• What you have to do: Take the records underneath and set them down exactly.

---------- Data for the task ----------

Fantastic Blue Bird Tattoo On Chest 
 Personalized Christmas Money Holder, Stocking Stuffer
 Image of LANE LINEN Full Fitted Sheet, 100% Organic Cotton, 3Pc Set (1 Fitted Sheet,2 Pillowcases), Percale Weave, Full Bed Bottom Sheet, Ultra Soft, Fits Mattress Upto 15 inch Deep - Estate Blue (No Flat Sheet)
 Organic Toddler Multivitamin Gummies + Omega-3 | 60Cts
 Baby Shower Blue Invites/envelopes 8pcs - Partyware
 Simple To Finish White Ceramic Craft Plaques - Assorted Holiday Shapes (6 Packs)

----------

• Output for this task:
Fantastic Blue Bird Tattoo On Chest 
 Personalized Christmas Money Holder, Stocking Stuffer
 Image of LANE LINEN Full Fitted Sheet, 100% Organic Cotton, 3Pc Set (1 Fitted Sheet,2 Pillowcases), Percale Weave, Full Bed Bottom Sheet, Ultra Soft, Fits Mattress Upto 15 inch Deep - Estate Blue (No Flat Sheet)
 Organic Toddler Multivitamin Gummies + Omega-3 | 60Cts
 Baby Shower Blue Invites/envelopes 8pcs - Partyware
 Simple To Finish White Ceramic Craft Plaques - Assorted Holiday Shapes (6 Packs)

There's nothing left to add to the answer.